Entries taken from a collection:
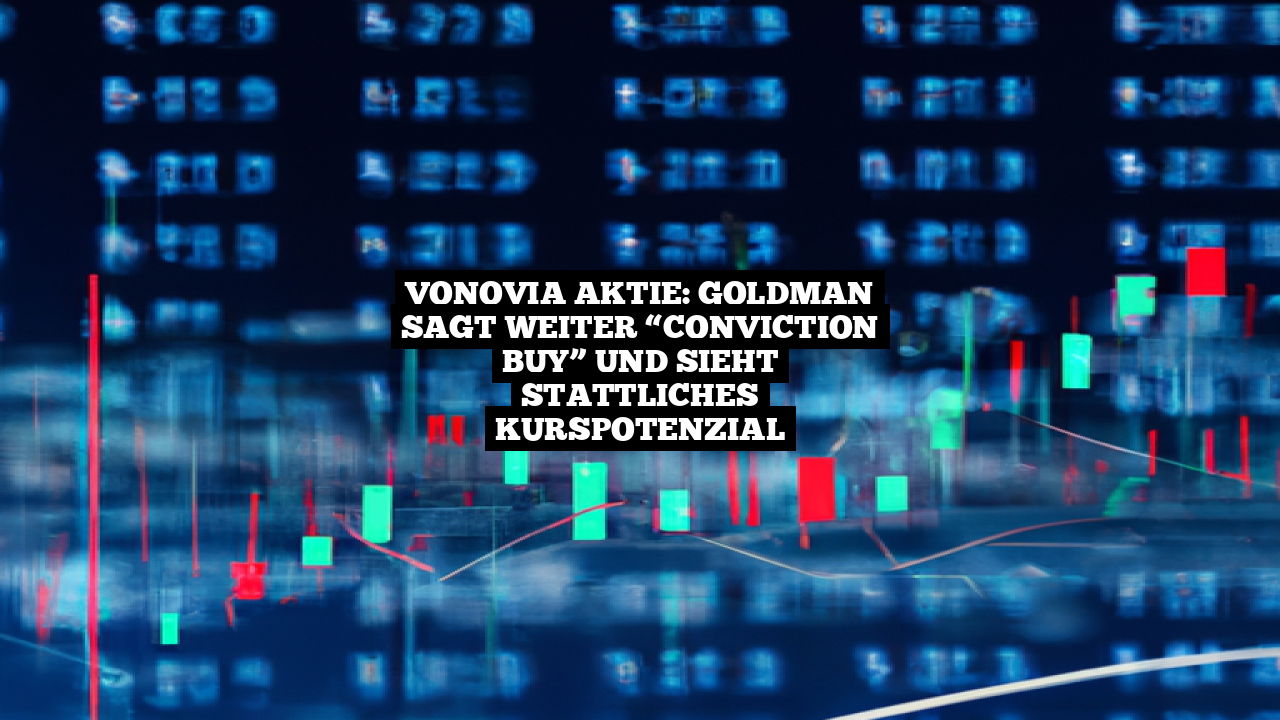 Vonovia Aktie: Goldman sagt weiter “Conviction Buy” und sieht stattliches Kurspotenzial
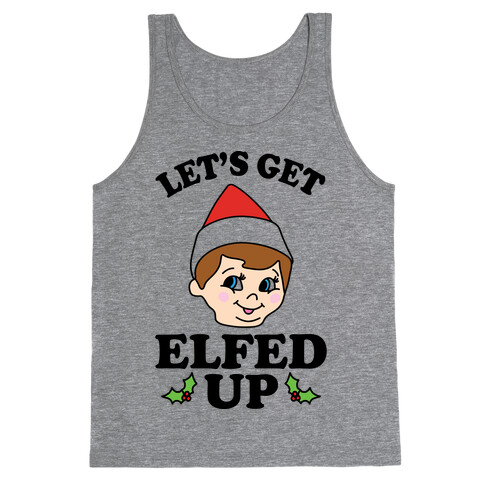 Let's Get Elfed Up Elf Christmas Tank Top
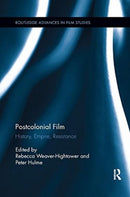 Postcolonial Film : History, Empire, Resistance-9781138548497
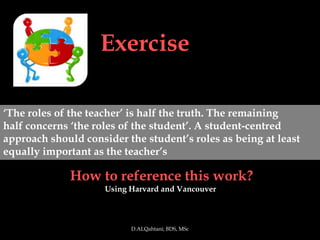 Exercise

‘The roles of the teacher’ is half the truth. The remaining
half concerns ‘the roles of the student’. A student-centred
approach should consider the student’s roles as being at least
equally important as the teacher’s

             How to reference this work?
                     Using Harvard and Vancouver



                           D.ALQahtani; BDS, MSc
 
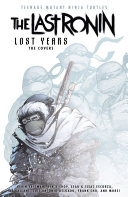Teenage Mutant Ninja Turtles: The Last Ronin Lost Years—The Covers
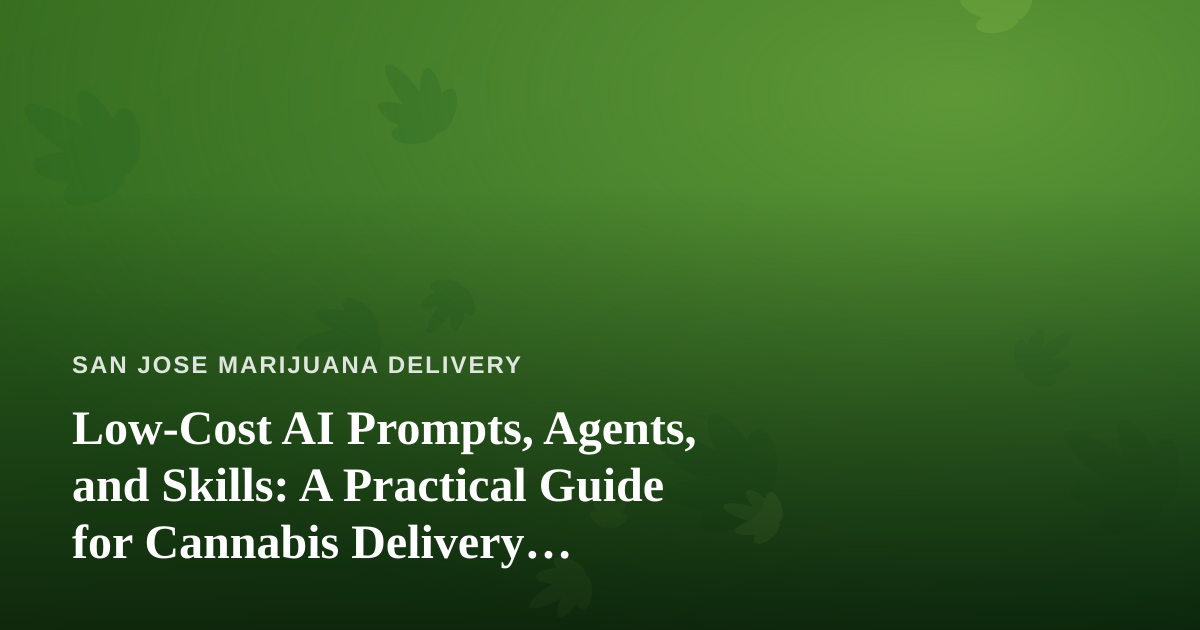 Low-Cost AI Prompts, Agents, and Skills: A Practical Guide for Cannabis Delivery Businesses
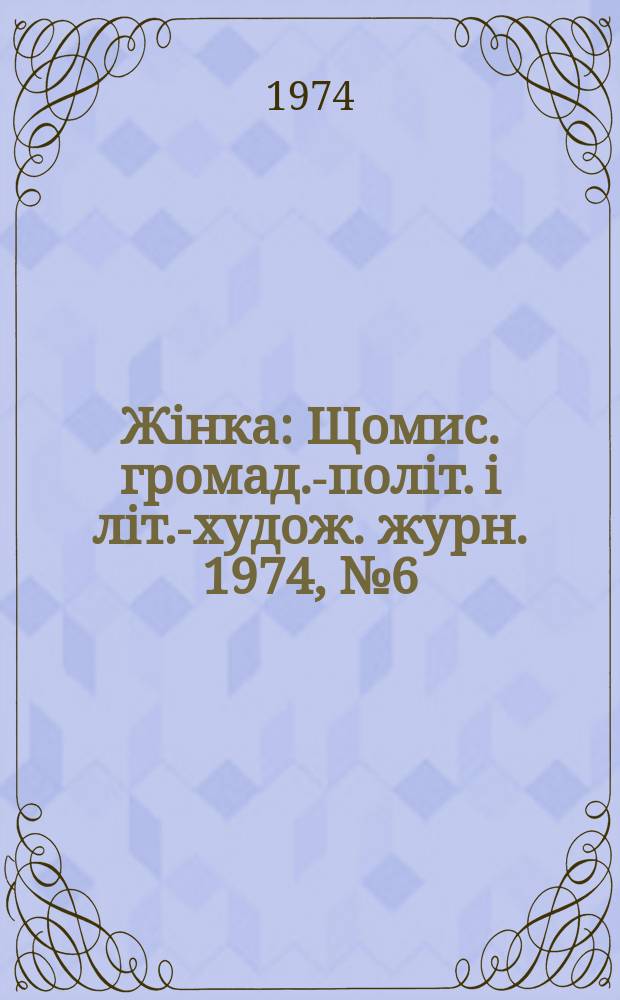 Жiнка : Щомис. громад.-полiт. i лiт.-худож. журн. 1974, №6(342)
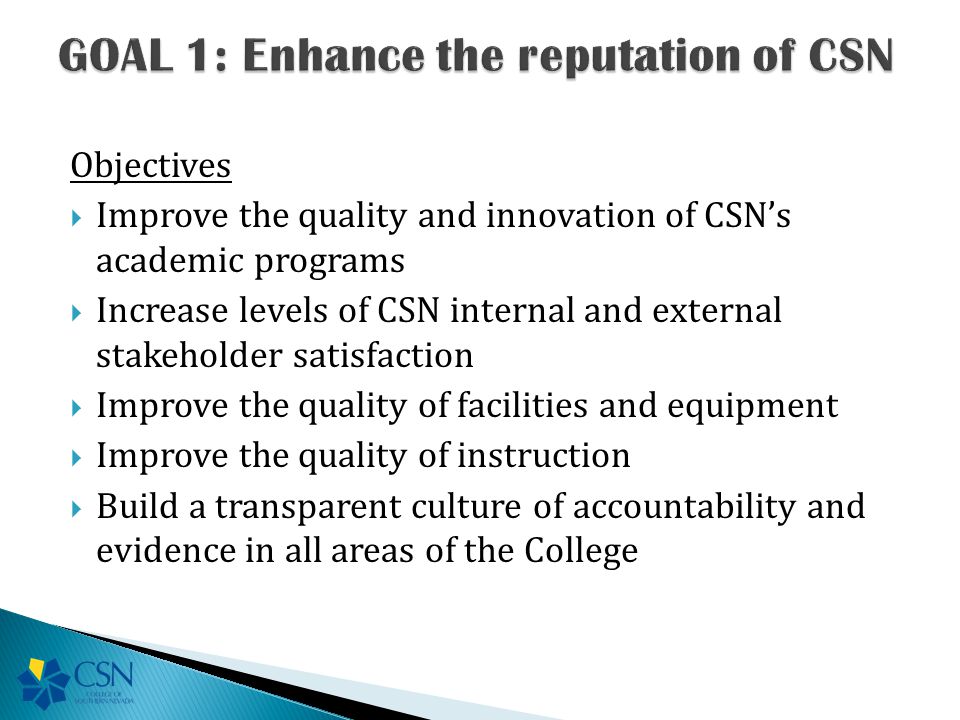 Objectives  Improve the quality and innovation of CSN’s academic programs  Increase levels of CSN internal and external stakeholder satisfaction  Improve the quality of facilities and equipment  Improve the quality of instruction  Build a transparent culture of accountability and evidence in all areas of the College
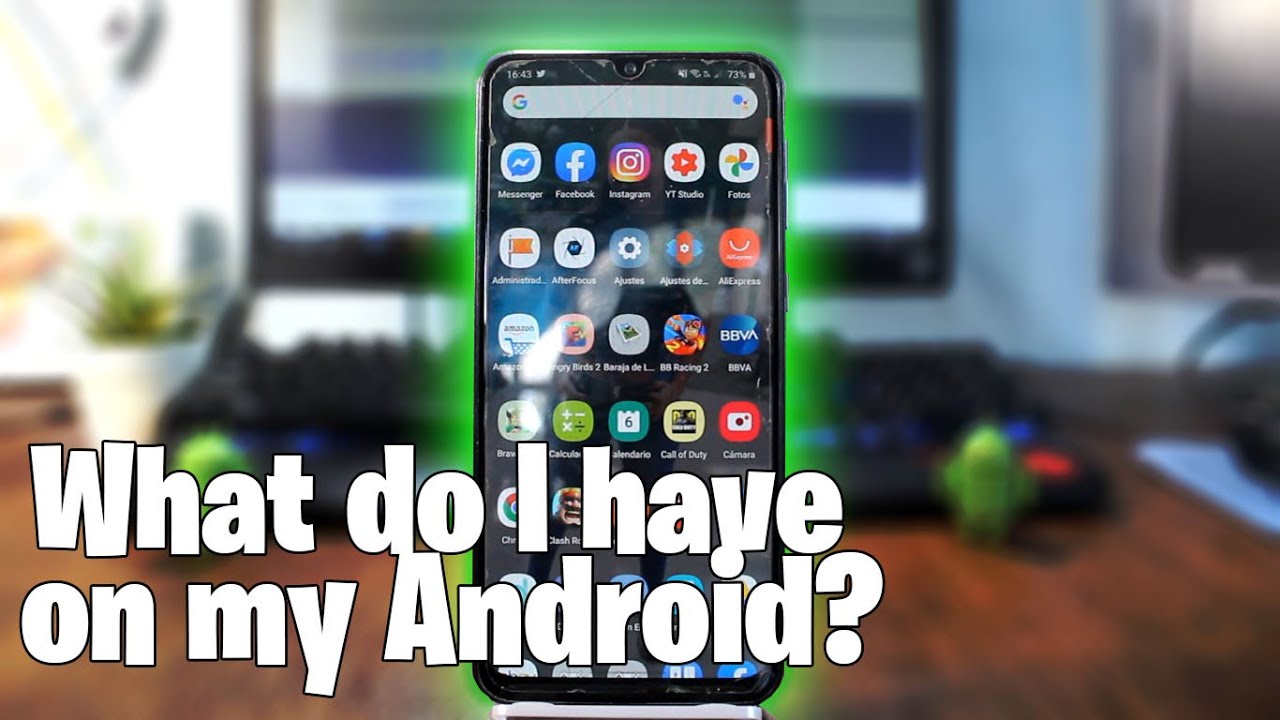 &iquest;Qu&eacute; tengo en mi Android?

What you will do: Could you transcribe exactly the lines from the line containing "truth. The remaining" through the final line of the records, both included, and nothing beyond them? The pictures should be left out.

Reply:
‘The roles of the teacher’ is half the truth. The remaining
half concerns ‘the roles of the student’. A student-centred
approach should consider the student’s roles as being at least
equally important as the teacher’s

             How to reference this work?
                     Using Harvard and Vancouver



                           D.ALQahtani; BDS, MSc
 
Teenage Mutant Ninja Turtles: The Last Ronin Lost Years—The Covers
 Low-Cost AI Prompts, Agents, and Skills: A Practical Guide for Cannabis Delivery Businesses
 Жiнка : Щомис. громад.-полiт. i лiт.-худож. журн. 1974, №6(342)
 Objectives  Improve the quality and innovation of CSN’s academic programs  Increase levels of CSN internal and external stakeholder satisfaction  Improve the quality of facilities and equipment  Improve the quality of instruction  Build a transparent culture of accountability and evidence in all areas of the College
 &iquest;Qu&eacute; tengo en mi Android?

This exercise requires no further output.